Marxist Communism Myth #5:
Social progress is based upon the development of the material productive forces.
The materialistic view of history is the application of the Communist dialectic and materialism to history and social problems.
Communists use the dialectic and materialism to explain historical development, providing us with the vision that Communist society, the ideal society for which mankind has been longing, is sure to come about in the future. But, the Communist countries, which were established in accordance with their theory, have turned out to be far worse than their capitalist counterparts, as Communist bloc peoples suffer from inequality, restricted freedom, and gross neglect of human rights. The reason for their disparity is that the Communist philosophy, dialectical materialism, which they apply to historical development, is false. The materialistic view of history, as well as other theories of Communism, is a deceptive theory which professional revolutionists have used to deceive people in order to take over the political power. The best way to explain the development of history accurately is to learn the Unification view of history.
The materialist view of history emphasizes that social development is governed by law.
Communists assert that social development is governed by law, because they believe that the theory of social development must become social science. As seen in natural science, sciences can be established when they are based upon objective laws. Communists believe that these objective laws must be material laws. Therefore, in order for the theory on social development to become social science, it must be assumed that material laws operate on social developments.
If it is assumed that God's providence has brought about historical development, it is not possible to find material laws in history. In that case, they insist, historical theory could not be claimed to be a science but that it would be little better than a kind of superstition.
The assertion that a historical theory must be a social science is a true view. However, the Communist theory of the materialistic view of history is erroneous; it cannot claim to be social science in the true sense. The Communist laws of social development (historical development) are in fact not objective laws at all, but conclusions gained by very subjective methods of analysis. For example, there is the law: "When the productive forces progress to a certain stage, the existing production relations become a fetter to the progress of productive forces; at this point, social revolution inevitably occurs." This is not an objective law with scientific proof, but a mere application of their subjective analytical methods, such as the law of contradiction and the law of quantitative change to qualitative change. In spite of their subjective methods, they pretend that their theory is objective and scientific. This cannot assert to be a true social science.
The materialist view of history fails to offer true objective laws because it is asserted by mistake that social development is material development, which is the same as development in nature. Social development, however, can be brought about by a combination (give-and-take action) of will (spirit) and matter.
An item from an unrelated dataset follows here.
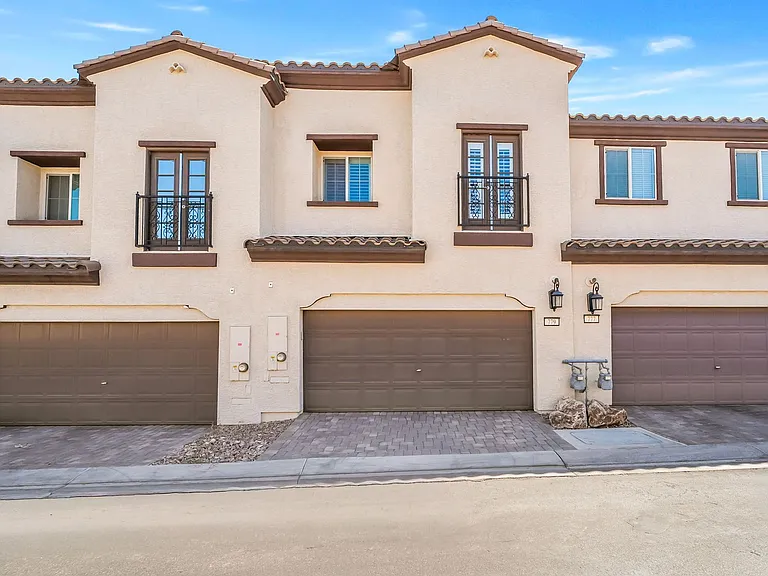 779 Omaggio Pl — Photo 22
Between the two, the factor which acts as subject is will (spirit). Therefore, they should have discovered objective laws from the aspect of spirit. But, on the contrary, they tried to discover objective laws only from the aspect of matter which is object. As matter is under the control of spirit (subject), certain laws can be found in matter. Communists, however, use the dialectic, which is their subjective method, and camouflage their interpretation as if it were based upon objective material laws.
What are the objective laws which operate on spirit? They are the laws of God's Providence, namely the laws of creation and the laws of restoration, which have operated through man's will. They are not subjective, but objective laws, because they are determined by God and cannot be changed by man's will, just as man cannot change the natural laws.
Consequently, "the Unification view of history" which is the application of these laws of Providence to history can justly claim to be social science in the true sense. Christianity up to now has been unable to present a clear view of the laws of God's Providence. Therefore, even if Communists criticize Christianity as mysticism and superstition, Christians have been unable to make any counterattack against it.
Important points of the laws of development of history, according to the materialistic view of history.
(1) Social development is based on the development of productive forces, which are material.
(2) Man, in his social life, is inevitably involved in production relations as his most basic social relationship.
(3) The production relations progress, inevitably, following and corresponding to the progress of the production forces.
(4) Production forces and the production relations progress independently of man's will.
(5) When the production relations become a fetter to the progress of the production forces, revolution occurs.
(6) The superstructure, namely the various views and institutions (ideological forms) is the product of the production relations which are the foundation of society.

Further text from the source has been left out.